SECTION 5.2 Restriction on Transfer. Until and unless this Agreement
has been terminated, each Stockholder shall not except as expressly provided for
in this Agreement (a) sell, exchange, pledge, encumber or otherwise transfer or
dispose of, or agree to sell, exchange, pledge, encumber or otherwise transfer
or dispose of, any its Shares, or any interest therein, (b) deposit its Shares
into a voting trust or enter into voting agreement or arrangement with respect
to such Shares or grant any proxy with respect thereto or (c) enter into any
agreement, arrangement, understanding, or undertaking to do any of the
foregoing. Until and unless this Agreement has been terminated, the Share
Certificates shall remain in the sole custody and possession of Depositary
except for any delivery of possession contemplated by Article I or Article III
hereof.
SECTION 5.3 Further Assurances.
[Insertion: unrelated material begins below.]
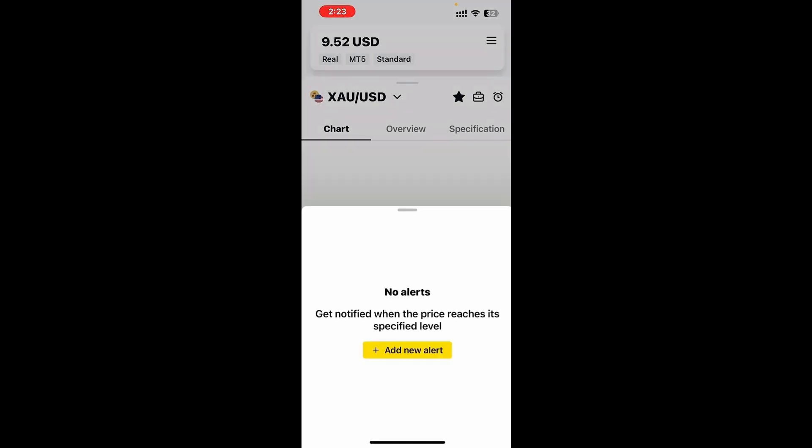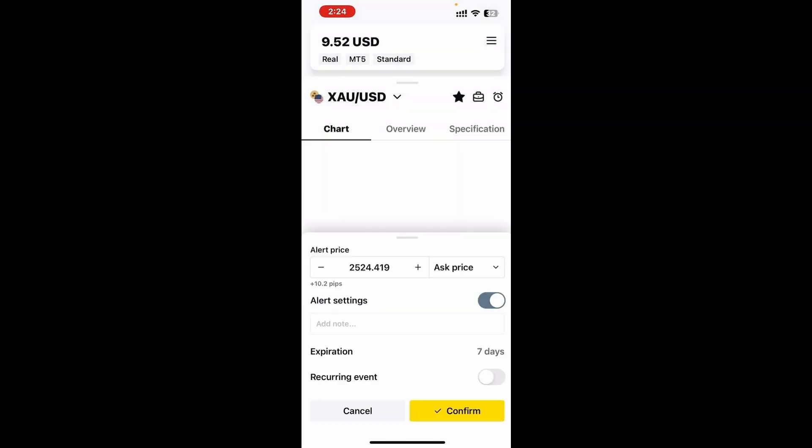Let's go and click on the clock icon. You can see here that I currently don't have any alerts, but what I want to do is click on add new alert. Here I can change the alert price and also change the ask price, buy price, bid price. You can change all these settings here and then you can turn on the alert settings.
Each Stockholder agrees to use its
reasonable best efforts to take, or cause to be taken, all appropriate action,
and to do, or cause to be done, all things necessary, proper or advisable under
applicable Laws to consummate and make effective the transactions contemplated
by this Agreement. If any further action is necessary or desirable to carry out
the purposes of this Agreement, such Stockholder shall use its reasonable best
efforts to take, or cause to be taken, all such action as promptly as
practicable.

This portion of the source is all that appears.